場所と物語

たぶん天国のちょっと手前/小林絢子

電車好きの息子といくつもの踏切を眺めながら大井町線に揺られ九品仏へ。駅に降り立ち改札を出ると、右も左も踏切という踏切サンドイッチ状態。大井町線がここまで踏切天国だったとは。

まずは、改札を出て右の踏切を渡り、商店街へ。美味しそうなパン屋、年季の入り過ぎたキャラクターショップ、怪しげだけど絶対美味しい予感のする居酒屋などを通り過ぎ、古くて新しいシャレオツなショップD&Departmentへ。なかなか訪れない町につき、一つだけ自分の行きたい所を含ませてもらった。

早々に店を後にし、お昼ご飯を食べる事に。パン屋でブタパンや牛乳などを購入し、改札の反対側の踏切を渡った先にあるお寺で食べようと、来た道を引き返す。踏切を渡ると、住宅街と溶け込むように平行に参道が伸びる。その横にこじんまりしながらも居心地のよさそうな公園を発見。しばしの間、パンを食べつつ、息子を遊ばせる。場所は変われど日課である。

ひとしきり公園で遊んだ後は、参道を通りお寺へ向かう。道なりに角をまがると、思いがけず広大な敷地のお寺が現れた。先日の残雪も手伝って、「あれ、奈良だったっけ」と見まごう景色。いくつものお堂があり、そこに九体の阿弥陀如来像が安置されている九品仏浄真寺である。東京のこの場所にこんな贅沢なお寺があったとは。

ひとまず本堂へ。お賽銭を入れる場所が何ヶ所もあり、その都度、息子に小銭を催促される。見慣れぬキャラクターのお守りが売られており、思わず二度見。このお寺のキャラクター“きゅっぽん”だそうだ。

本堂に上がりお参りを済ませ、帰り際にトイレを借りると、まさかの御本尊の裏を案内される。まさかトイレに行くのにお釈迦さまの真横を通っていく事になるとは…。そして裏できゅっぽんの着ぐるみがソファに座って待っているとは…。

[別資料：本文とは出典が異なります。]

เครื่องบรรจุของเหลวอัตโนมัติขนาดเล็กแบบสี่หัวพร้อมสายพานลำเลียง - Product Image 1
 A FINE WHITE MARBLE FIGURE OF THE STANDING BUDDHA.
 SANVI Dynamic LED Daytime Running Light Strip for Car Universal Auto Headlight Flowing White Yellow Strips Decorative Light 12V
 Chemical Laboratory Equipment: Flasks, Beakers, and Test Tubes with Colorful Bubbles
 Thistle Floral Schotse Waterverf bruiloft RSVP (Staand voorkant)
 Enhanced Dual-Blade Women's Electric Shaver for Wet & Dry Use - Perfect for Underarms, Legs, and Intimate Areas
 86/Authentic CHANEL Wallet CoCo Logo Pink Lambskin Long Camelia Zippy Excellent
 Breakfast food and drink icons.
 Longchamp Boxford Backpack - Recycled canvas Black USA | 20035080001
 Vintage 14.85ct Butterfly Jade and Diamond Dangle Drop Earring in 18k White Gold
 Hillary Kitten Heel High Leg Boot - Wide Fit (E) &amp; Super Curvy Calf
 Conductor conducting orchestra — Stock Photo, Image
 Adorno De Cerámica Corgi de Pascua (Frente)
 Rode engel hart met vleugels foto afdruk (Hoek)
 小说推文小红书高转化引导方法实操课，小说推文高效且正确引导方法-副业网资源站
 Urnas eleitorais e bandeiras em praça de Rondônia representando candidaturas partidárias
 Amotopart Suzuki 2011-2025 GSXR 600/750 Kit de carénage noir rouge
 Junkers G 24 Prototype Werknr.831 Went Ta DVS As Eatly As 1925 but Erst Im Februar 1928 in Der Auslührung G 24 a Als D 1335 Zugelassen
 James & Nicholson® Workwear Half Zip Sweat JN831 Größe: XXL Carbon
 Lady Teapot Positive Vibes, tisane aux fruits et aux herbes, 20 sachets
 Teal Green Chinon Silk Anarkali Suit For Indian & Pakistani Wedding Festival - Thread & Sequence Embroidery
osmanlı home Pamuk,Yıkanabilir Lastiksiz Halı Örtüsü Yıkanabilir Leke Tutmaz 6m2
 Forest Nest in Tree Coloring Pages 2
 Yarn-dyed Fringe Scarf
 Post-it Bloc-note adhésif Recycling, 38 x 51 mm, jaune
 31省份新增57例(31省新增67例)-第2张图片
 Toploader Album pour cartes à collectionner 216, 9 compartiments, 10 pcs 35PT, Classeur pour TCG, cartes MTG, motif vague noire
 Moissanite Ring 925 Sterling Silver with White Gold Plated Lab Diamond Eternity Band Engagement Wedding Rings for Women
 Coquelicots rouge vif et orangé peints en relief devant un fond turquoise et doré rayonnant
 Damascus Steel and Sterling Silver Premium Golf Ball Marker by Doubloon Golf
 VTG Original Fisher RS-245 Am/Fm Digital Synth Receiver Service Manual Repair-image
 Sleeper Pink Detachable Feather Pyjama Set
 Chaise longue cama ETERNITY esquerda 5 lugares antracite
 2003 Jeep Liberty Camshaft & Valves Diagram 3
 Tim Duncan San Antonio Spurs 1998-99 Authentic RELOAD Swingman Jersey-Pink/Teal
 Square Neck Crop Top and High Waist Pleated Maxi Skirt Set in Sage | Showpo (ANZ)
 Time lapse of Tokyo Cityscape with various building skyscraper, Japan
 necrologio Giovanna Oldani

気がついたら、夕方になっていた。子連れの一日ははやい。帰り際に、手紙を書くというミッションがあった事を思い出す。お寺の出口に、丸太でできたベンチを発見。絶妙な傾斜と手触りで、なんとも手紙を書きたくなるベンチである。

もう会うことのできない友人に宛て手紙を書いていたら、九品仏がまるで天国と現世の間にある場所のように思えてきた。商店もお寺もなんだかちょっと現実味に欠けるのだ。ふわふわした気持ちの帰り道、ホームで聞いた踏切の音がいつまでも耳に残った。